Search code examples
amazon-web-servicesyamlaws-cloudformationaws-cloudformation-custom-resourceassume-role

User: batch.amazonaws.com is not authorized to perform: sts:AssumeRole on resource


I've been trying to create some infrastructure that includes bunch of services like EC2, ECS, S3 and Batch (few more). Everything seems to be fine, till it reaches the step to build the batch process.

I was following a medium blog and here's the CF template: Github Repo Link

This YAML is outdated and I have made some modifications here and there, but not the ones with roles.

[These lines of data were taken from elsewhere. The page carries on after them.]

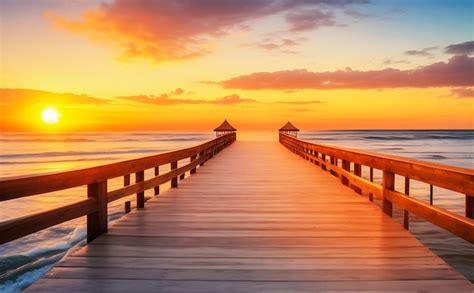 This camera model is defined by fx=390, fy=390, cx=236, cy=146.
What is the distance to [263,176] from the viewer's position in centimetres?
1056

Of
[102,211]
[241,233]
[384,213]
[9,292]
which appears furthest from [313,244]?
[9,292]

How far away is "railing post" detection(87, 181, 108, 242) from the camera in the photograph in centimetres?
423

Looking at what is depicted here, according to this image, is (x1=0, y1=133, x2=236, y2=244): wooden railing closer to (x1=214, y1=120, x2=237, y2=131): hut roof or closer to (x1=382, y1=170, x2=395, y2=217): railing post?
(x1=382, y1=170, x2=395, y2=217): railing post

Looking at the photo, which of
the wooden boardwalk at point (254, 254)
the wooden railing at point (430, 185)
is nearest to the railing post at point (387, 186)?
the wooden railing at point (430, 185)

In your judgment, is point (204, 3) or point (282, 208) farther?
point (204, 3)

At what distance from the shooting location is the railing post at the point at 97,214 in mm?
4227

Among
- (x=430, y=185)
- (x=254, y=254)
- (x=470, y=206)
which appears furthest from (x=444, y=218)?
(x=254, y=254)

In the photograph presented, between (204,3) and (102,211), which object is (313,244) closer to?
(102,211)

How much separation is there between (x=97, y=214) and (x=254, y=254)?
1831mm

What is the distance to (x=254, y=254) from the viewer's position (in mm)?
3697

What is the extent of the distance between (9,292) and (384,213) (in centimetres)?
567

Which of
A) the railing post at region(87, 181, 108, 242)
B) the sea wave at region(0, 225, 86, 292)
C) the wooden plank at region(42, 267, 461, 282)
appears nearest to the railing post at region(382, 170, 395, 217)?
the wooden plank at region(42, 267, 461, 282)

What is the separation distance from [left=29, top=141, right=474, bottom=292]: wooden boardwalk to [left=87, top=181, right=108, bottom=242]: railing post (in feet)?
0.41

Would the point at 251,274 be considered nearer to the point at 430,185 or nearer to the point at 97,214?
the point at 97,214
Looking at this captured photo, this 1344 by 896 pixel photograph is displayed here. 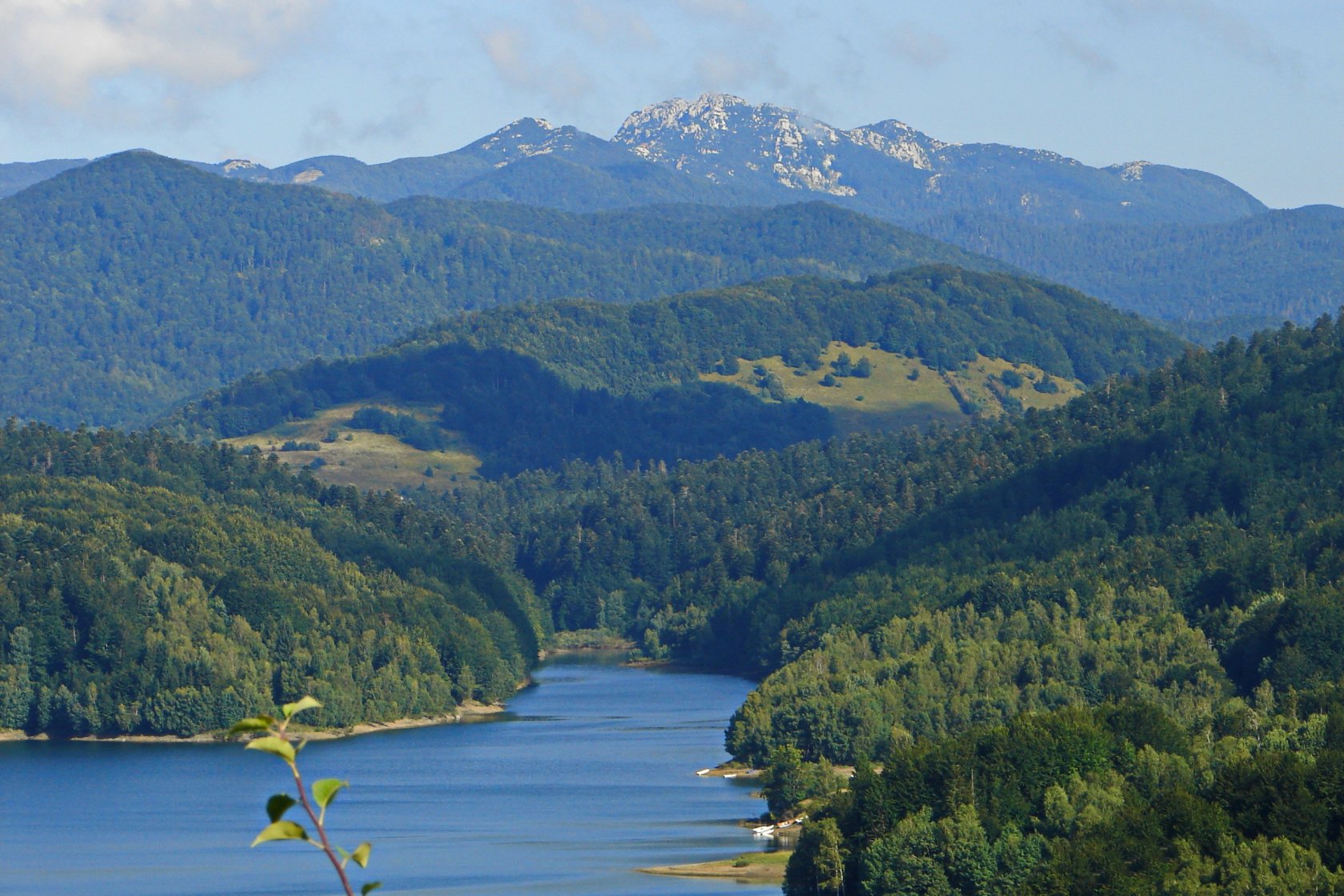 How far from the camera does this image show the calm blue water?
115 m

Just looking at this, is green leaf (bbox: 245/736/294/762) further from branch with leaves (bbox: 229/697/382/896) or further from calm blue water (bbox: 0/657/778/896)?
calm blue water (bbox: 0/657/778/896)

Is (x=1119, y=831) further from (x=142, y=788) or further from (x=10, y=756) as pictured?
(x=10, y=756)

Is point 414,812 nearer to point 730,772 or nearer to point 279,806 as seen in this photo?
point 730,772

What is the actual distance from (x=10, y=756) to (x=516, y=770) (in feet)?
132

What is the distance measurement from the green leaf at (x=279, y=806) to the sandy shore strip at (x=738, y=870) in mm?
86758

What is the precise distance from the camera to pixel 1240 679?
157250mm

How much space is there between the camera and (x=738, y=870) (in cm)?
11381

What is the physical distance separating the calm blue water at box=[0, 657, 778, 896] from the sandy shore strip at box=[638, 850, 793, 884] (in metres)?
1.52

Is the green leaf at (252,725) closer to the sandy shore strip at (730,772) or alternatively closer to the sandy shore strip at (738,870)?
the sandy shore strip at (738,870)

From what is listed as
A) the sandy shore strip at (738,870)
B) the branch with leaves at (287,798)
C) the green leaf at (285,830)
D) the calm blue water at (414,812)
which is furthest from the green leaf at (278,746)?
the sandy shore strip at (738,870)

I've had more than 3 CloudFormation stacks stuck in roll back because it can't stabilise the Compute Environment it builds from the YAML config I have. I reached out to Compute Environment to see the exact error and this is what I get:

DELETING - CLIENT_ERROR - User: batch.amazonaws.com is not authorized to perform: sts:AssumeRole on resource: arn:aws:iam::402726478692:role/service-role/AWSBatchServiceRole (Service: AWSSecurityTokenService; Status Code: 403; Error Code: AccessDenied; Request ID: f9d6c19d-4e77-4814-ac2c-b437e0546977; Proxy: null)

Now, It won't even delete this compute environment on automated rollback. But, my main concern is why is it not able to create? I've gone through documentation and few questions here regarding the same topic, but nothing seemed to work.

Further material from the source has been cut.